Merolla-Brito said there aren’t currently any plans on splitting up the state’s call center to have a group of workers dedicated to fielding Medicaid calls, but she said she’s open to the idea.

“It’s not off the table for us to consider,” she said.

In addition to the long wait times, CMS also raised concerns with the state’s high rate of so-called “procedural termination,” which includes people getting kicked off the program for various reasons such as the state not being able to contact them. Federal officials said the state’s high rate of 11% in May “raises concerns that eligible individuals, including children, may be losing coverage.”

TARGET 12: Thousands of Rhode Islanders booted from Medicaid since April

R.I. Medicaid Director Kristin Sousa, who oversees the program at the state level, sent a letter back to CMS acknowledging the concern.
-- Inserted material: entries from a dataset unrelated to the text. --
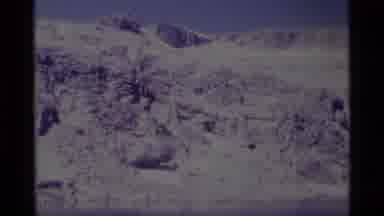 MINARET WILDERNESS CALIFORNIA USA .M-1975: Panning View Of Old Riverbank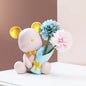 Creative Mini Bear Vase - Bouquet Bear-Medium Pink - vase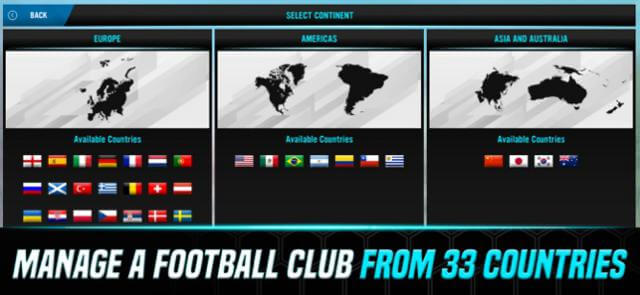 Build a team from 800 clubs from 33 countries 
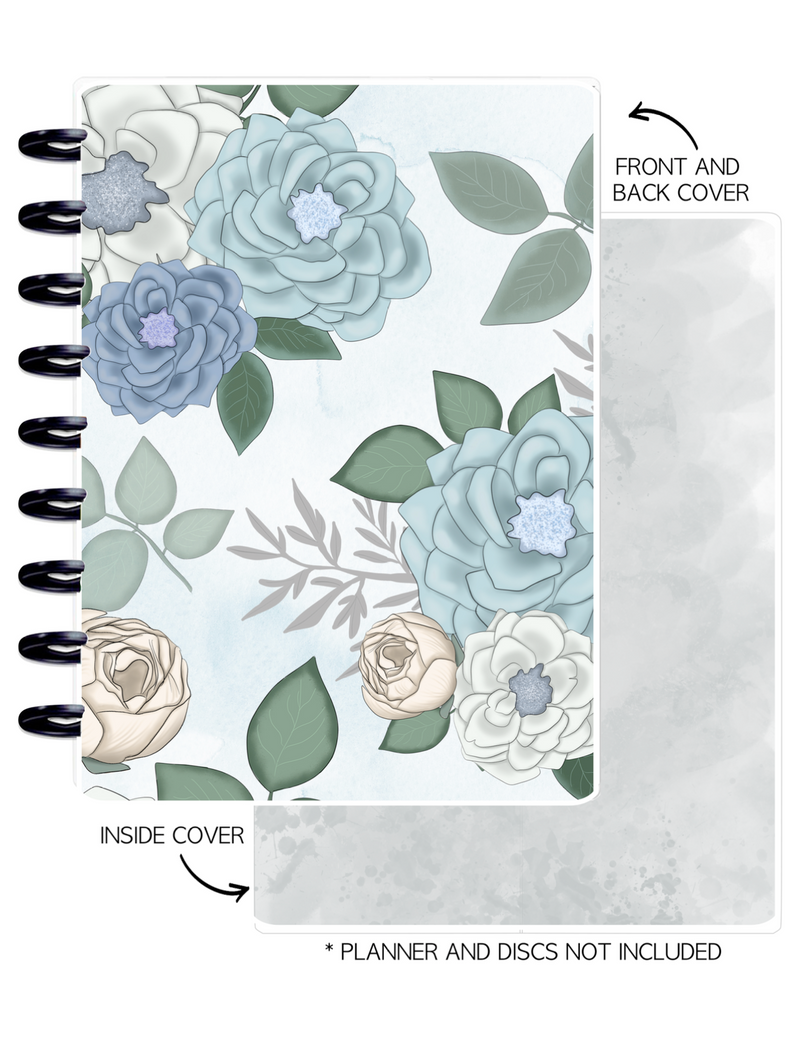 Cover Set of 2 DENIM DREAMS Florals <Double Sided Print>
But she highlighted that Rhode Island was deferring the renewal process for families with children until January to make sure they worked out all the kinks in the system beforehand.

“This additional time will provide the state an opportunity to maximize efficiency by identifying and addressing procedural, structure, or system issues while processing Medicaid redeterminations,” she wrote in a letter dated Aug. 22.

Sousa also touted the state’s 2% rate of returned mail, saying it was relatively low and attributing it to their effort to get out the word that recertification was once again required.

“We have been very aggressive in communicating the Medicaid renewal process to members and stakeholders,” she wrote.

The state leaders are hopeful the process will only improve as recertification continues through the rest of the year and into next spring. But because the state deferred families with children, the largest strain on the system will likely begin at the end of the year, raising questions about how well the state’s effort will stand up.

Asked whether she expected wait times to go up at the end of the year, Merolla-Brito said, “I don’t.”